Synchrony between Ovarian Function &Sleep in Polycystic Ovary Syndrome Patients

Polycystic ovary syndrome (PCOS) is a complex, multifaceted, heterogeneous disorder, affecting 4% to 18% of reproductive-aged women and is associated with reproductive, metabolic and psychological dysfunction. In this study we determined the relationship between the time to sleep and serum levels of neurohormones in polycystic ovary syndrome (PCOS).

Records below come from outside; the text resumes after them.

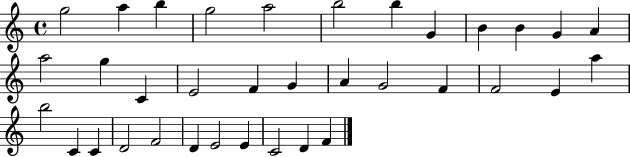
{
  \clef treble
  \time 4/4
  \defaultTimeSignature
  \key c \major
  g''2 a''4 b''4 | g''2 a''2 | b''2 b''4 g'4 | b'4 b'4 g'4 a'4 | \break a''2 g''4 c'4 | e'2 f'4 g'4 | a'4 g'2 f'4 | f'2 e'4 a''4 | \break b''2 c'4 c'4 | d'2 f'2 | d'4 e'2 e'4 | c'2 d'4 f'4 | \break \bar "|."
} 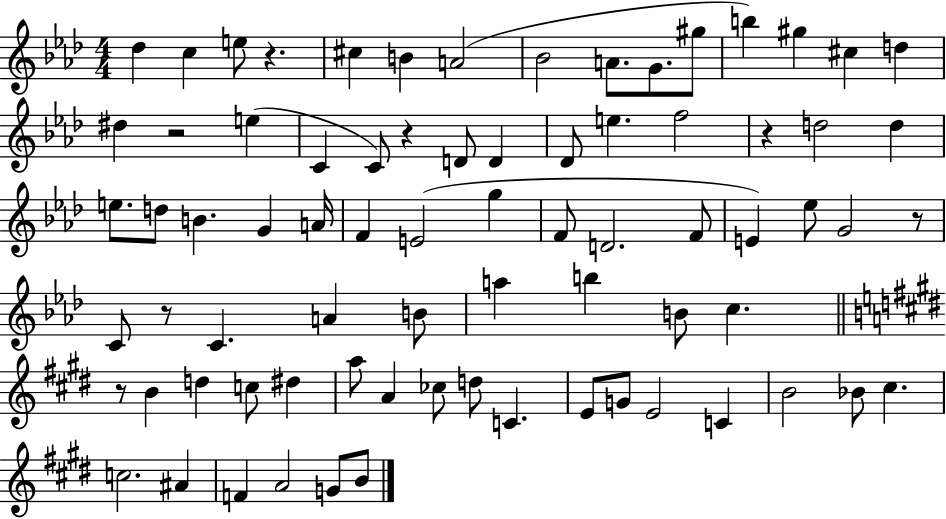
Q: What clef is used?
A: treble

Totally 77 PCO patients(case group) and 97 non-PCOS infertile women (control subjects) participated in this study between February 2012 and February 2013. A PSQI sleep questionnaire was completed by each patient in both groups. PSQI sleep questionnaire score and serum concentration of adrenaline, noradrenaline, melatonin, β-endorphin, cortisol and progesterone were compared in two groups. The results of the study indicate that serum levels of melatonin and β-endorphin were lower in women with PCOS. Serum level of stress hormones, adrenaline and noradrenaline were significantly correlated with patients’ sleep time in study group. Serum level of adrenaline in control group was significantly lower in women who wake up earlier in the morning. All hormones except for cortisol had no significant correlation with PSQI global score in both groups and also the people who sleep less than 8 hours had lower cortisol level. These data showed that changes in cortisol in PCO women were due to damage of disturbed sleep at night. Our preliminary work provided this study with new insight into the interactions between sleep-wake cycles in PCO women with specific sleep patterns.